Pacific Sun
- Type: Alternative weekly
- Format: Tabloid
- Owner: Metro Newspapers Dan Pulcrano
- Publisher: Rosemary Olson
- Founded: 1963
- Language: English
- Headquarters: 1020 B St San Rafael, California 94901 United States
- Circulation: 20,000
- Website: www.pacificsun.com

= Pacific Sun (newspaper) =

Newspaper in San Rafael, California

The Pacific Sun is a free distribution weekly newspaper published in Marin County, just north of San Francisco in the San Francisco Bay Area. It is the longest running alternative weekly in the nation and is published on Wednesdays. Since October 2019, Daedalus Howell has been its editor.

==History==
The Pacific Sun was founded in April 1963 in California by Merrill and Joann Grohman in the back of a Stinson Beach grocery store. In 1966, the Pacific Sun moved its offices to San Rafael. Steve McNamara, the former Sunday editor of the San Francisco Examiner, bought it from the Grohmans that year.

Alice Yarish worked as a reporter for 11 years for the Pacific Sun.

U.S. Senator Barbara Boxer worked as a reporter for the Pacific Sun for two years in the 1970s, winning a Press Club award for a 1973 story on a state supreme court controversy.

Embarcadero Media, publisher of community weeklies in Palo Alto, Mountain View and Pleasanton, purchased The Sun from McNamara in 2004.

Sam Chapman, a former Chief of Staff to Senator Boxer, served as the paper's publisher until 2010. Gina Channell was publisher of the Pacific Sun from 2010 to 2012. Jason Walsh served as the editor and Dani Burlison replaced Samantha Campos as staff writer in 2010, after Campos replaced Jacob Shafer in 2008.

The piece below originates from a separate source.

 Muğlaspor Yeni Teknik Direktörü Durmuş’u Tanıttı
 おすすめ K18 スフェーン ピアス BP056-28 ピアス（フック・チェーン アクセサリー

In October 2012, former Embarcadero principal Bob Heinen purchased the paper and took over as publisher.

In May 2015, Metro Newspapers acquired the Pacific Sun, increasing its portfolio to four Bay Area alternative weeklies. Metro restored circulation cuts that had occurred under the previous ownership and commissioned well-known typographer Jim Parkinson to redraw the Sun's nameplate. Owner Dan Pulcrano promised “investment and creative vision... to produce a free weekly that’s fresh, original and true to its history.”

In December 2019, the Sun commemorated its 55th year of publication with longtime Mill Valley resident Sammy Hagar on its cover.

==The Serial==
Cyra McFadden’s 1977 best seller, The Serial: a Year in the Life of Marin County, began as a series of 52 installments in the Sun. In 1980, Paramount Pictures made a movie titled Serial based on the book.